Puck and Quinn are my drug of choice.

It's a lot longer than I thought it would be.

Nothing is mine.

It wasn't for very long. It was perhaps a couple of hours. But for a little while, they were a family. Quinn was screaming, and all he could do was stand and catch her eye to let her know he was still there for her. Still there, as a part of the family he desperately wanted to hold onto – and then she was there. She was tiny, and perfect, and the nurse saw tears in his eyes and handed him a pair of scissors, because that's 'dad's' job. He doesn't get to hold her first, of course. She gets to. But he doesn't begrudge her that. Nine months of carrying her around, she gets first dibs. Plus labour looked and sounded like a bitch, so he figured she got to see the fruits of it first.

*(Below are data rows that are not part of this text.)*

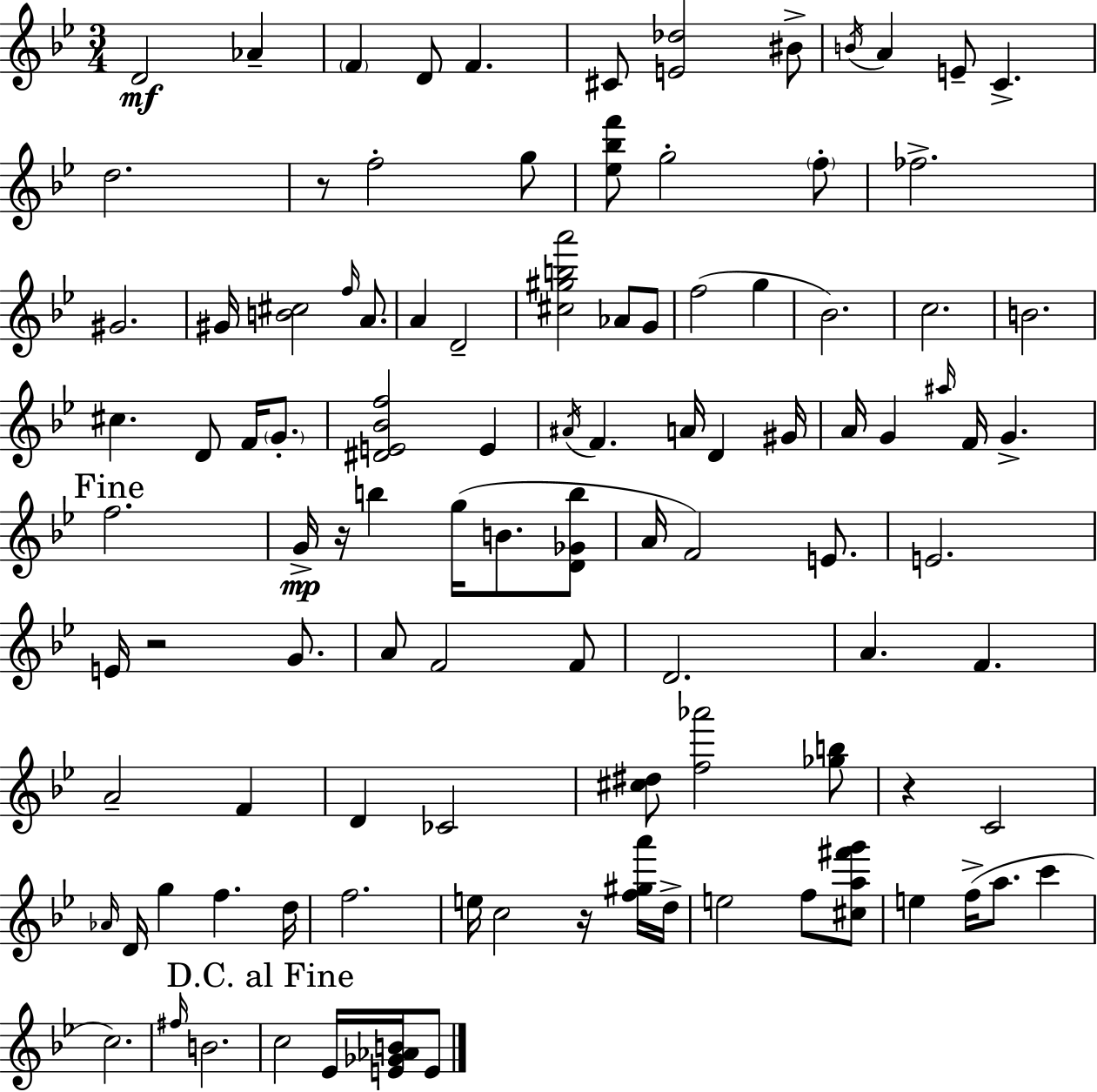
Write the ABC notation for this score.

X:1
T:Untitled
M:3/4
L:1/4
K:Gm
D2 _A F D/2 F ^C/2 [E_d]2 ^B/2 B/4 A E/2 C d2 z/2 f2 g/2 [_e_bf']/2 g2 f/2 _f2 ^G2 ^G/4 [B^c]2 f/4 A/2 A D2 [^c^gba']2 _A/2 G/2 f2 g _B2 c2 B2 ^c D/2 F/4 G/2 [^DE_Bf]2 E ^A/4 F A/4 D ^G/4 A/4 G ^a/4 F/4 G f2 G/4 z/4 b g/4 B/2 [D_Gb]/2 A/4 F2 E/2 E2 E/4 z2 G/2 A/2 F2 F/2 D2 A F A2 F D _C2 [^c^d]/2 [f_a']2 [_gb]/2 z C2 _A/4 D/4 g f d/4 f2 e/4 c2 z/4 [f^ga']/4 d/4 e2 f/2 [^ca^f'g']/2 e f/4 a/2 c' c2 ^f/4 B2 c2 _E/4 [E_G_AB]/4 E/2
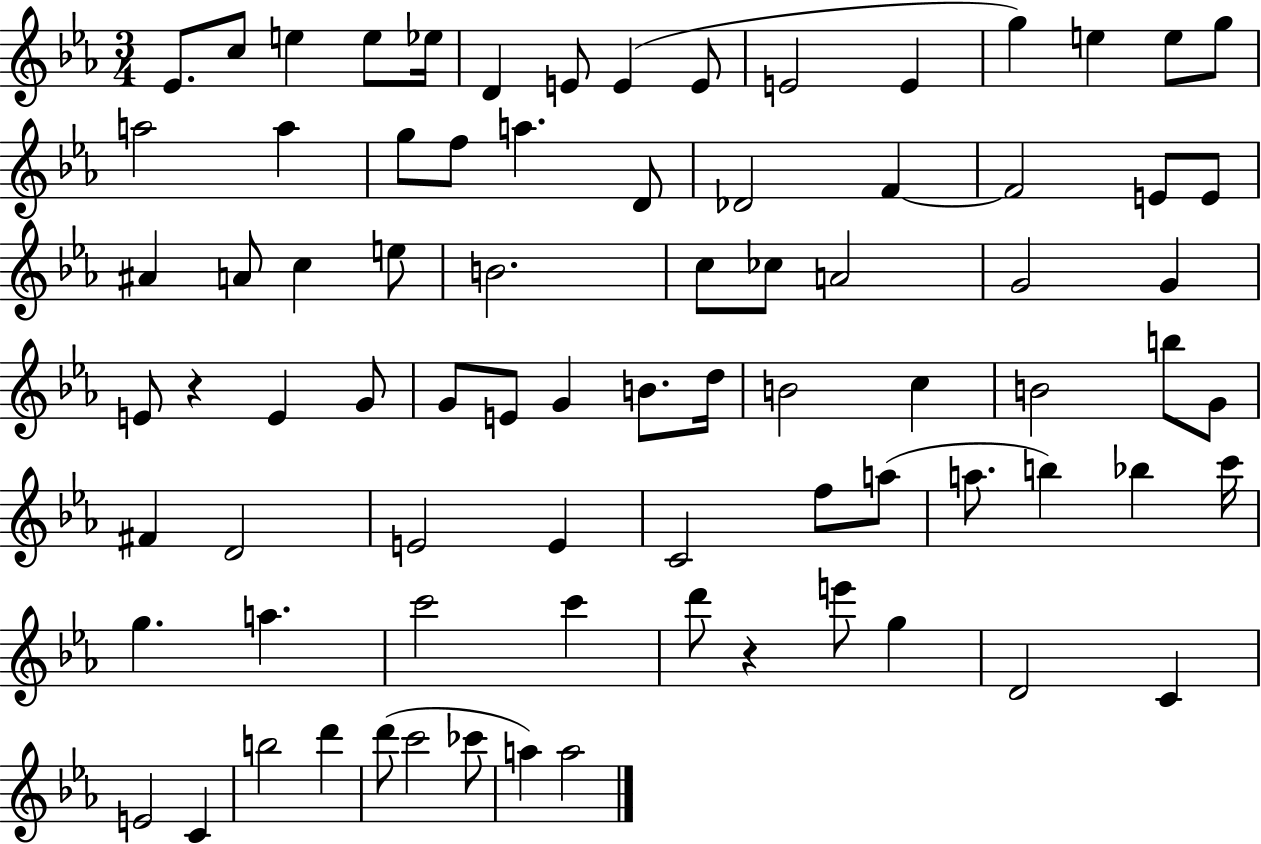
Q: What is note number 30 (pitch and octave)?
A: E5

So someone puts the baby in her arms, and a tear leaks down his cheek. It's followed by a fair few more. Quinn reaches out her hand, and Mercedes holds it, but she shakes it off. He's not even looking at her, and she's not looking at him, and it's because they're both staring with incredulous eyes at their tiny piece of heaven, but he knows it's his hand she wants. He moves to her side and takes it, and his little girl's little eyes looks straight at him, and he feels something he didn't know he'd been searching for his whole life.

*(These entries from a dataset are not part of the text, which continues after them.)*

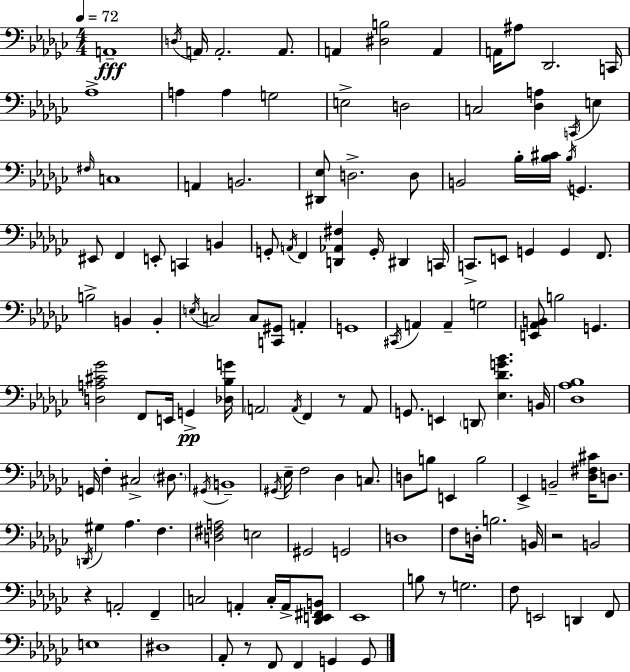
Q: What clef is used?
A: bass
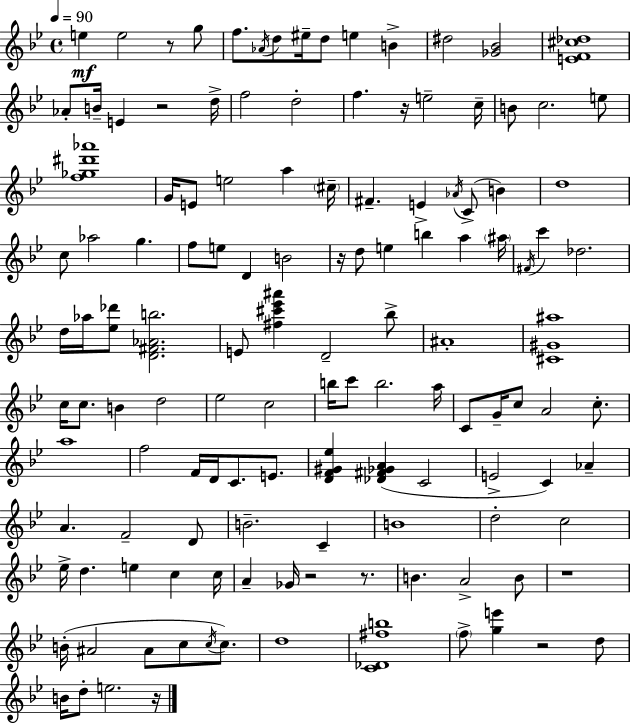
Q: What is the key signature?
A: G minor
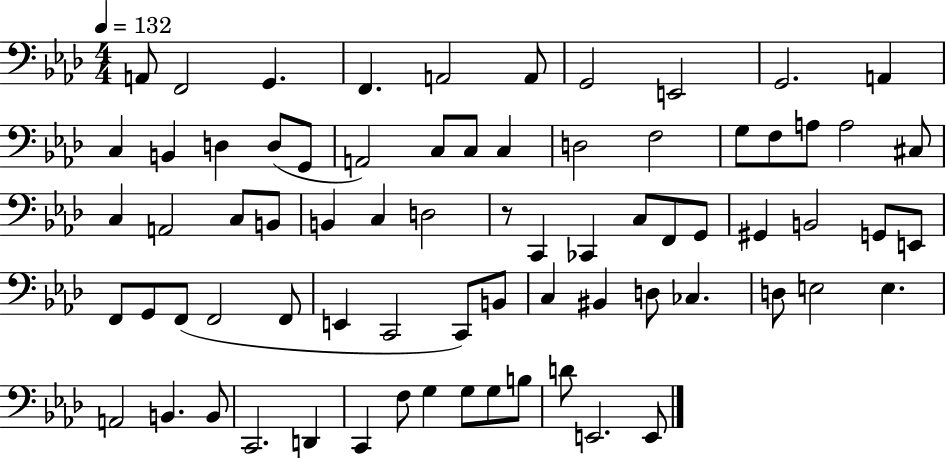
A2/e F2/h G2/q. F2/q. A2/h A2/e G2/h E2/h G2/h. A2/q C3/q B2/q D3/q D3/e G2/e A2/h C3/e C3/e C3/q D3/h F3/h G3/e F3/e A3/e A3/h C#3/e C3/q A2/h C3/e B2/e B2/q C3/q D3/h R/e C2/q CES2/q C3/e F2/e G2/e G#2/q B2/h G2/e E2/e F2/e G2/e F2/e F2/h F2/e E2/q C2/h C2/e B2/e C3/q BIS2/q D3/e CES3/q. D3/e E3/h E3/q. A2/h B2/q. B2/e C2/h. D2/q C2/q F3/e G3/q G3/e G3/e B3/e D4/e E2/h. E2/e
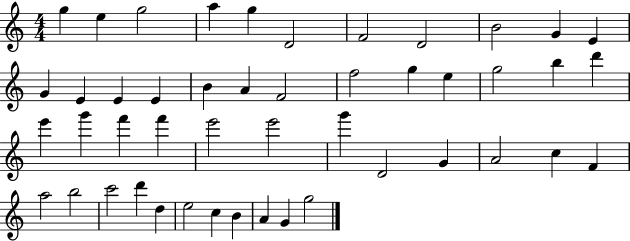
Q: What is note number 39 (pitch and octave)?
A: C6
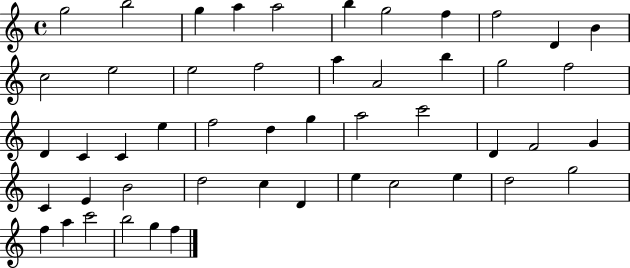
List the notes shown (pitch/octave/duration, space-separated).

G5/h B5/h G5/q A5/q A5/h B5/q G5/h F5/q F5/h D4/q B4/q C5/h E5/h E5/h F5/h A5/q A4/h B5/q G5/h F5/h D4/q C4/q C4/q E5/q F5/h D5/q G5/q A5/h C6/h D4/q F4/h G4/q C4/q E4/q B4/h D5/h C5/q D4/q E5/q C5/h E5/q D5/h G5/h F5/q A5/q C6/h B5/h G5/q F5/q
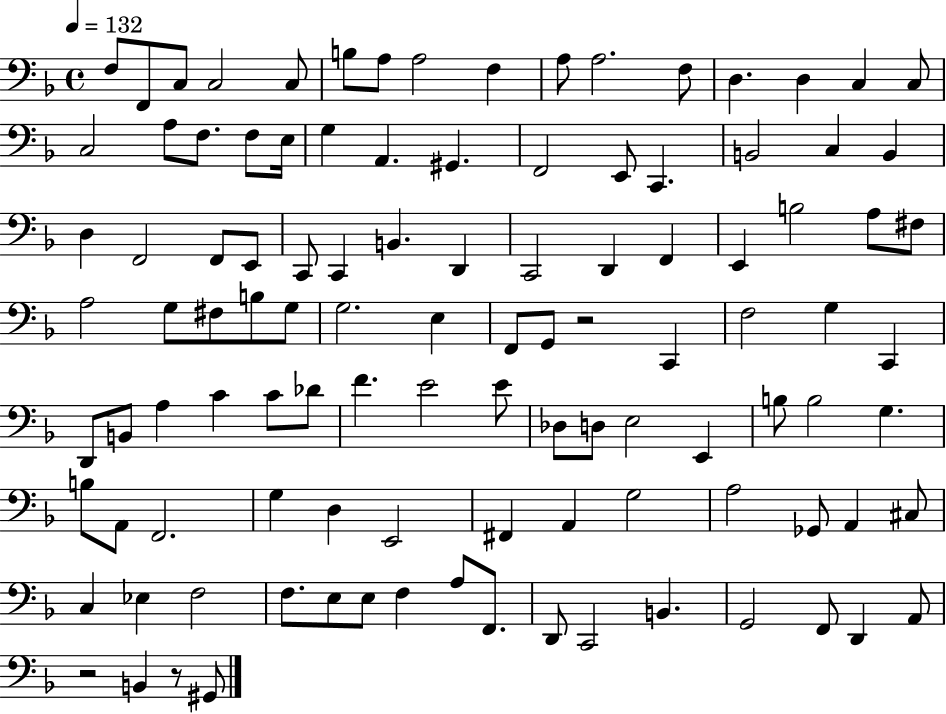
X:1
T:Untitled
M:4/4
L:1/4
K:F
F,/2 F,,/2 C,/2 C,2 C,/2 B,/2 A,/2 A,2 F, A,/2 A,2 F,/2 D, D, C, C,/2 C,2 A,/2 F,/2 F,/2 E,/4 G, A,, ^G,, F,,2 E,,/2 C,, B,,2 C, B,, D, F,,2 F,,/2 E,,/2 C,,/2 C,, B,, D,, C,,2 D,, F,, E,, B,2 A,/2 ^F,/2 A,2 G,/2 ^F,/2 B,/2 G,/2 G,2 E, F,,/2 G,,/2 z2 C,, F,2 G, C,, D,,/2 B,,/2 A, C C/2 _D/2 F E2 E/2 _D,/2 D,/2 E,2 E,, B,/2 B,2 G, B,/2 A,,/2 F,,2 G, D, E,,2 ^F,, A,, G,2 A,2 _G,,/2 A,, ^C,/2 C, _E, F,2 F,/2 E,/2 E,/2 F, A,/2 F,,/2 D,,/2 C,,2 B,, G,,2 F,,/2 D,, A,,/2 z2 B,, z/2 ^G,,/2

They're a family, even if only for a little while.

He gets her next, and cries some more, and doesn't give a crap about being badass, because he's a father, damnit. He's crying, and holding a little girl in a pink blanket, and once or twice he coos at her, and he'd like to see Karovsky or any of those other badass imitators do anything else when they hold their kid for the first, and he dreaded to think maybe the last time. So he held her with every muscle in he had, and every morsel of strength going into not crushing her – because, face it, she's tiny, and she's so perfect she might not even be real, so if you hold her too hard, she might disappear.

She's passed around after that. Grandmothers, of course, and the aunties and uncles she'd never know, the Godmother and Godfather (Mercedes and Finn) who would never know they were first picks every time to take care of their tiny miracle if anything were to happen to them. But it wouldn't matter to her if anything happened to them. They'd just be gone. So they never told the ones who'd taken on roles above and beyond the call of duty for the child they'd never know. New Directions loved her from the first moment they saw her, and he would swear he saw Mr. Schuester shed a tear. But to be fair, how could he not? His kid was amazing. She was perfect. He might have been offended if he didn't cry.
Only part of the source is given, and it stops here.